* **What to work on**:
All of the data that follows is to be printed exactly, without pictures.

* **Dataset records**:
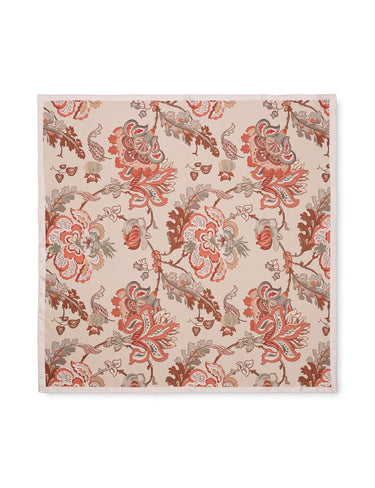 SILK SCARF - Old Antique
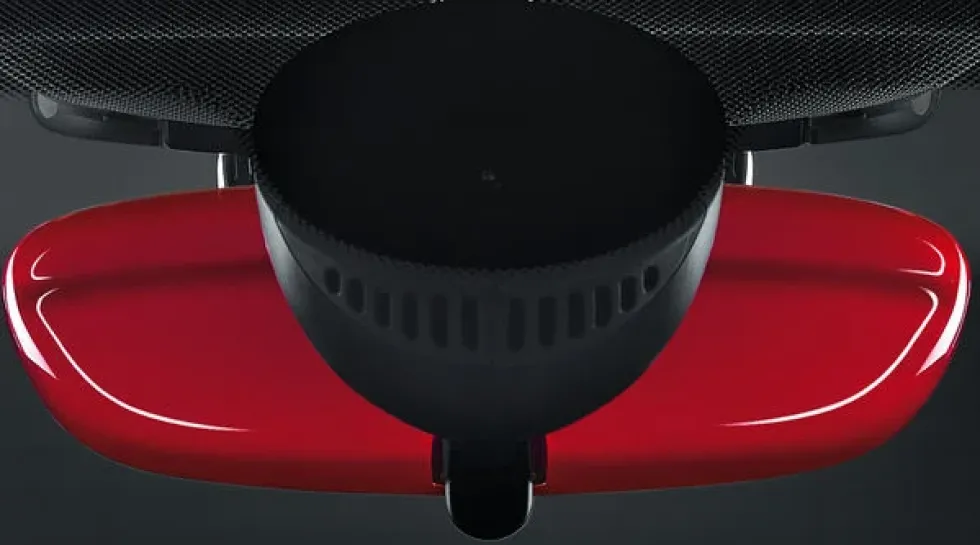 MINI Innenspiegelkappe Blazing Red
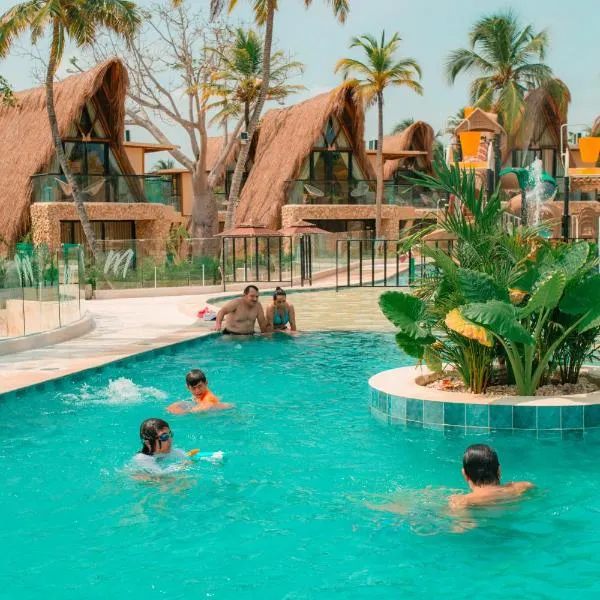 Marbelha Safari Beach, hotel in Coveñas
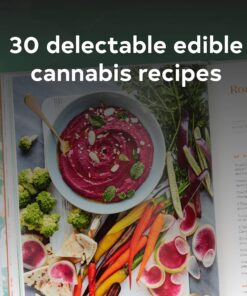 Alternative view of Edibles: Small Bites for the Modern Cannabis Kitchen Hardcover, Illustrated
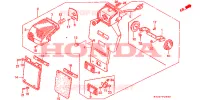 FEU ARRIERE pour Honda DOMINATOR 500 de 1994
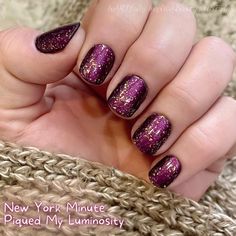 Color Street Piqued My Luminosity, Piqued My Luminosity Color Street, New York Minute Color Street Combo, Color Street Fall Combos 2023, New York Minute Color Street, Color Street New York Minute, German Nails, Sheet Nails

* **Exercise solution**:
 SILK SCARF - Old Antique
 MINI Innenspiegelkappe Blazing Red
 Marbelha Safari Beach, hotel in Coveñas
 Alternative view of Edibles: Small Bites for the Modern Cannabis Kitchen Hardcover, Illustrated
 FEU ARRIERE pour Honda DOMINATOR 500 de 1994
 Color Street Piqued My Luminosity, Piqued My Luminosity Color Street, New York Minute Color Street Combo, Color Street Fall Combos 2023, New York Minute Color Street, Color Street New York Minute, German Nails, Sheet Nails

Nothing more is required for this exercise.